In a parallel argument, petitioner points out that substantive due process forbids the infringement of a property right, here the revocation of her certificate, and that substantive violations occurred in that the investigative process was initiated by an unattributed complainant whose name the ALJ was unwilling to disclose and petitioner was not accorded her right to confront and examine the child, her mother and the complainant.1 In a proceeding involving child abuse, the charged party’s interest in examining inculpatory or even exculpatory material must be balanced against the State’s concern with maintaining the confidentiality of its files (Pennsylvania v Ritchie, 480 US —, 107 S Ct 989). As observed in Ritchie, the charged party’s right to a fair trial can be protected by an in camera examination of the material in question (supra)2 Given the ALJ’s in camera review of OCDSS’ files in this matter, and the fact that petitioner and her husband were then allowed access to those documents that did not indicate the source of the initial report ("the bulk of the investigatory material”), refusal to disclose complainant’s identity cannot be perceived as a due process infraction.
Nor is there force to petitioner’s claim that she had no opportunity to cross-examine the child and her mother neither of whom were present at the hearing. It is noteworthy that petitioner neither subpoenaed the child or her mother nor requested the ALJ to do so. It was only after the hearing was concluded that such a request was made. For these reasons and the added fact that the ALJ declared that the testimony would be weighed in light of its hearsay character, the ALJ quite rightly refused to reopen the hearing.
Lastly, we find the administrative decision to be supported by substantial evidence. It is now well established that an agency can prove its case through hearsay evidence (see, e.g., People ex rel. Vega v Smith, 66 NY2d 130, 139; see also, State Administrative Procedure Act § 306 [1]), so long as it is *35believable, relevant and probative (see, Matter of Yerry v Ulster County, 128 AD2d 941, 942). Although the crucial evidence here (the hearsay statements of the child and her mother as interpreted by knowledgeable caseworkers) is far from overwhelming, it is sufficient to support the conclusion that petitioner allowed a child in her care to be sexually abused in contravention of 18 NYCRR 417.4 (a). The evidence suggests that the child’s allegation was not fabricated or imagined. Based on his interview with the child, using anatomically correct dolls, a caseworker, with extensive experience investigating child abuse and neglect complaints, was of the opinion that the child had been sexually abused. Other evidence, including the child’s assertions, implicate petitioner’s husband as the likely source of that abuse.

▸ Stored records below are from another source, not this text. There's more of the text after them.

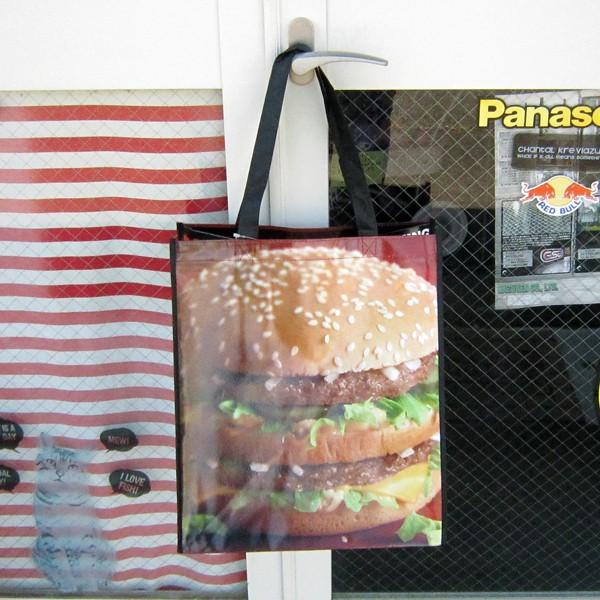 レディースファッション メール便送料無料05 マクドナルド トートバッグ ビッグマック ハンバーガー マチが大きいトートバッグ アメリカ雑貨 アメリカカンパニー かばん Sns ファッション 派手 目立つ Gegkkfrl3f Www Ludlowbar Com Au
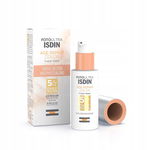 Krem przeciwsłoneczny do twarzy Isdin SPF 50 z odcieniem 50 ml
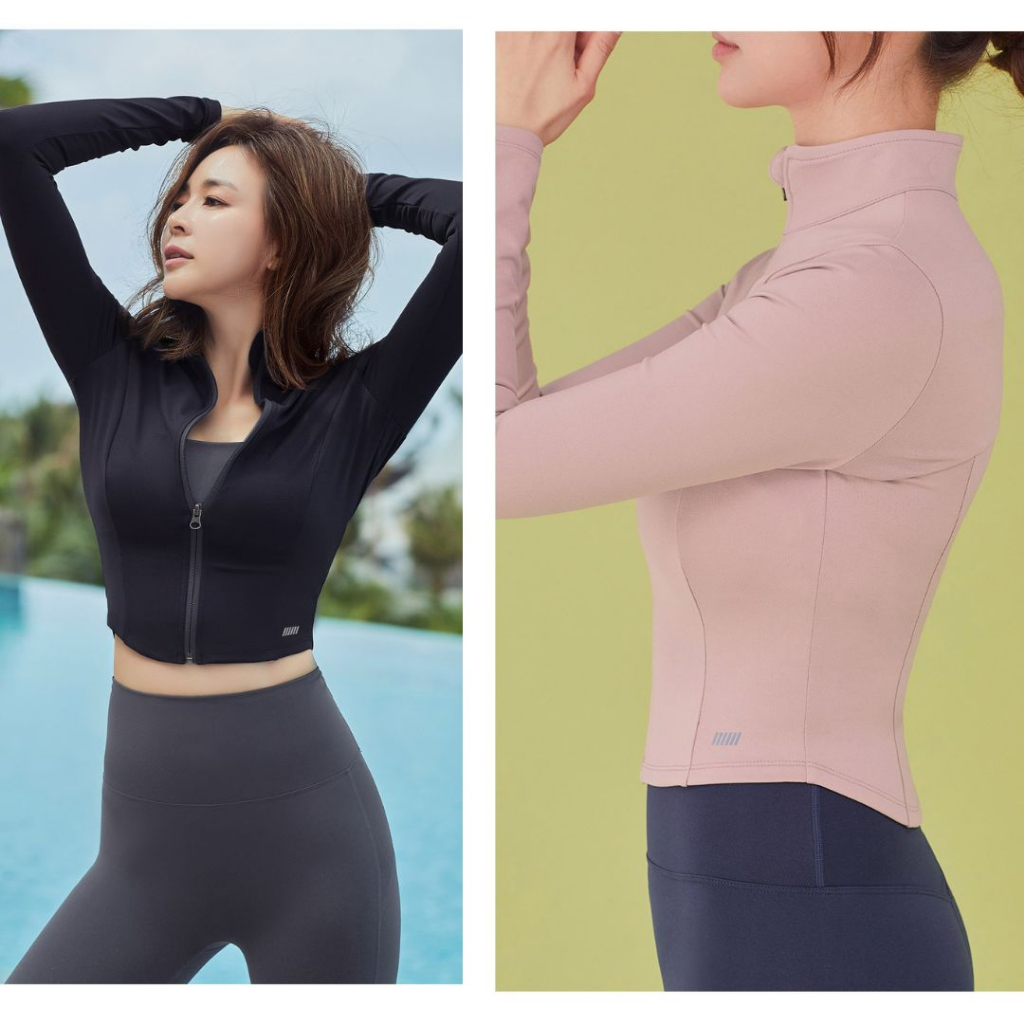 STL Essence Round Crop Jacket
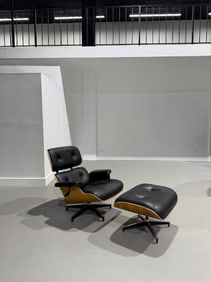 Herman Miller Chair & Ottoman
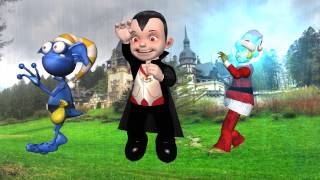 Miniatura de vídeo de "Graf Dracula Junior-Dein Blut das mag Ich sehr"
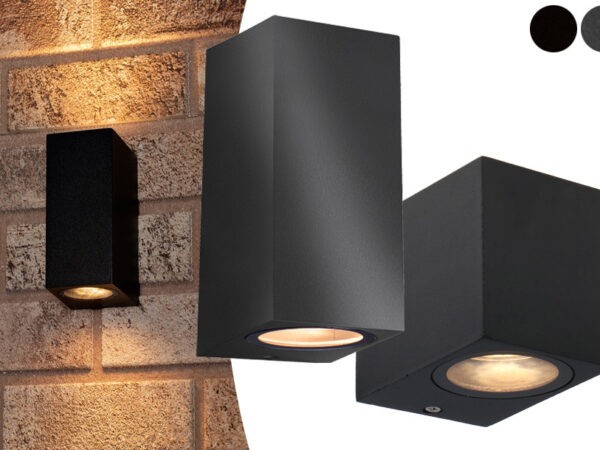 Outdoor wandlampen in de aanbieding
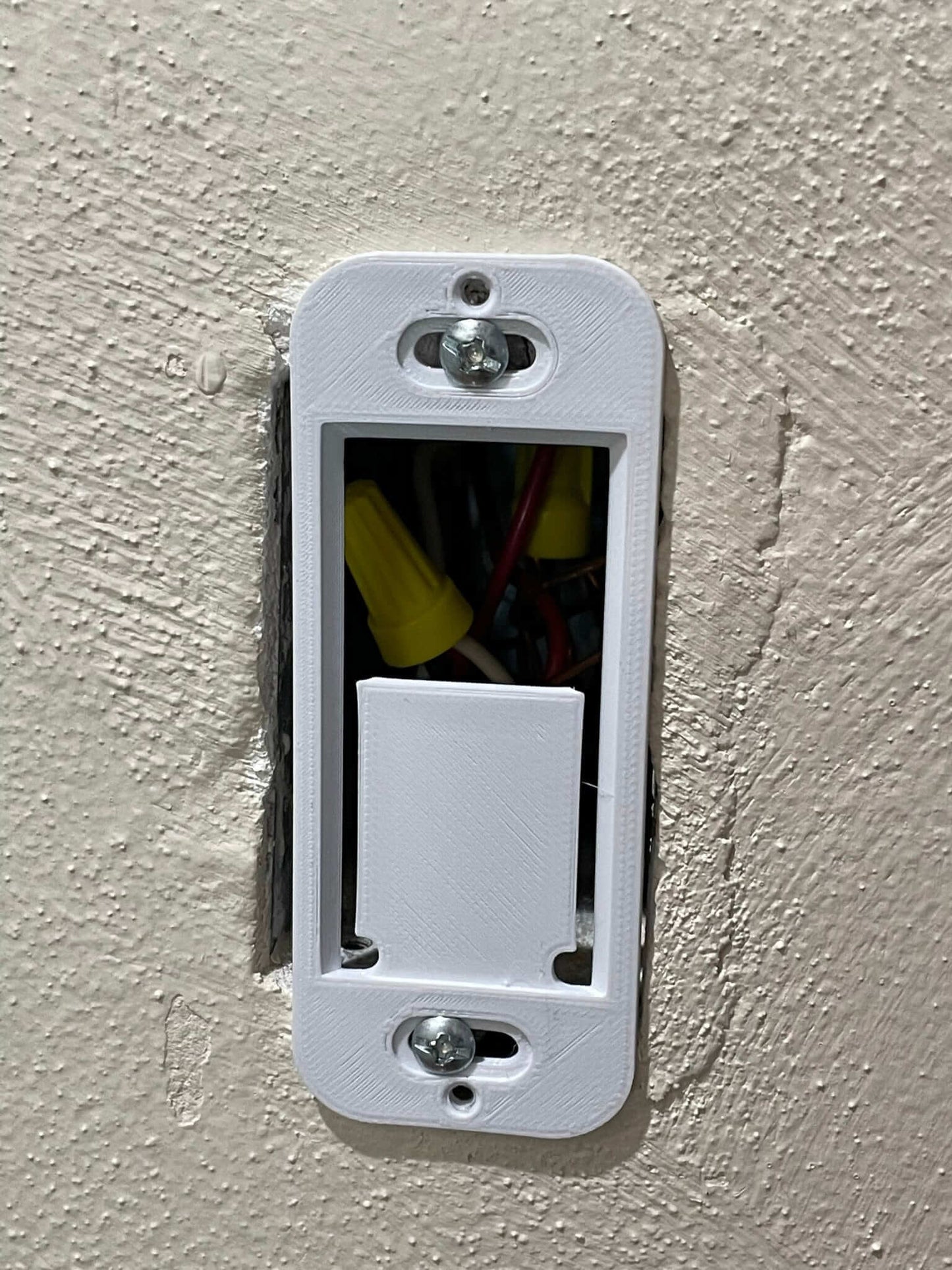 Wallplate Bracket for Lutron Caseta Wireless Pico Remote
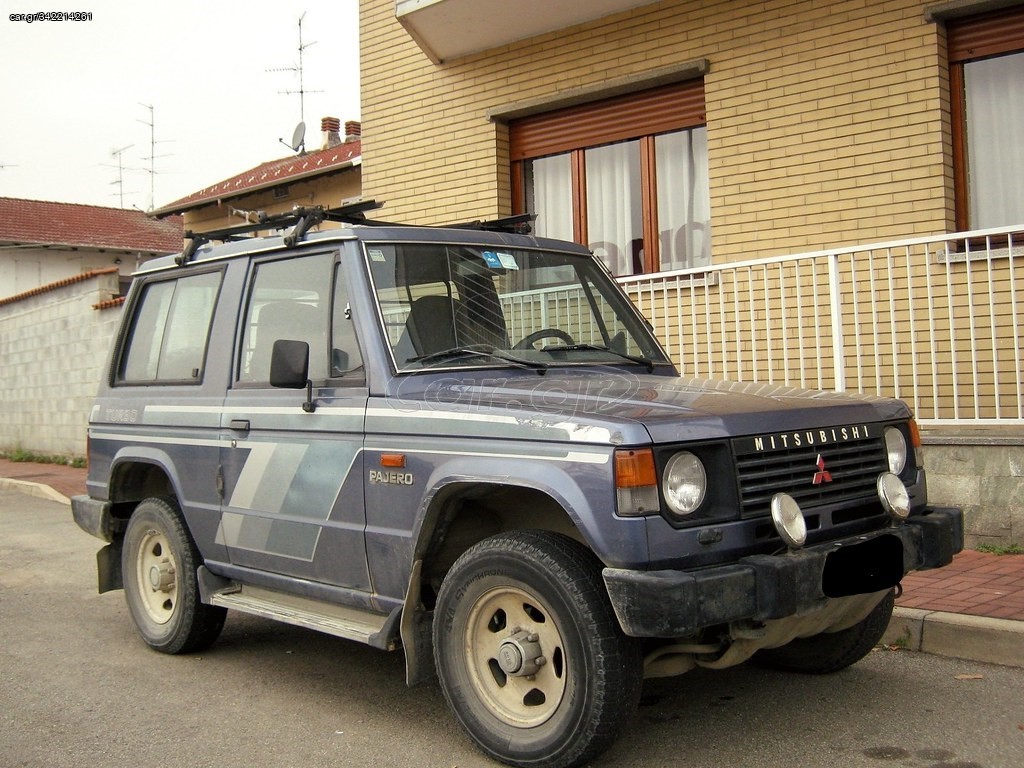 MITSUBISHI PAJERO 1982–1991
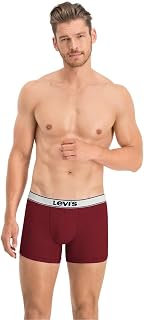 Levi's Vintage Heather Men's Boxer Shorts Underwear Retro Shorts Pack of 2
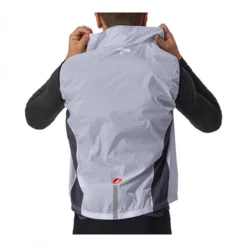 Chaleco Cortavientos Castelli Squadra Stretch Gris Oscuro -Open Cup Lingerie Shop chaleco cortavientos castelli squadra stretch gris oscuro 2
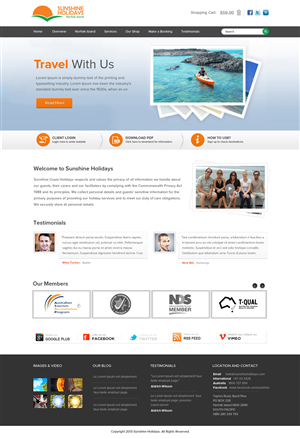 Diseño Web por OM para este proyecto | Diseño: #2464522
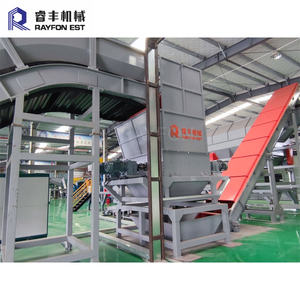 ペットボトルリサイクル機器ホットウォッシュ + 摩擦洗浄機 + 脱水機 - Product Image 4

Main, J. P., Casey, Weiss and Levine, JJ., concur.
Determination confirmed, without costs, and petition dismissed.

. Petitioner’s related argument that the Child Protective Services provisions of the Social Services Law apply only to the investigation of an abused child’s family is without merit (see, Social Services Law §§ 422, 412 [4]; see generally, Social Services Law § 411).

. We note that Ritchie involved a criminal prosecution for sexual abuse, jeopardizing the defendant’s liberty interest rather than merely a property interest. The State’s interest in protecting the confidentiality of its sources appears to us to remain the same in both instances.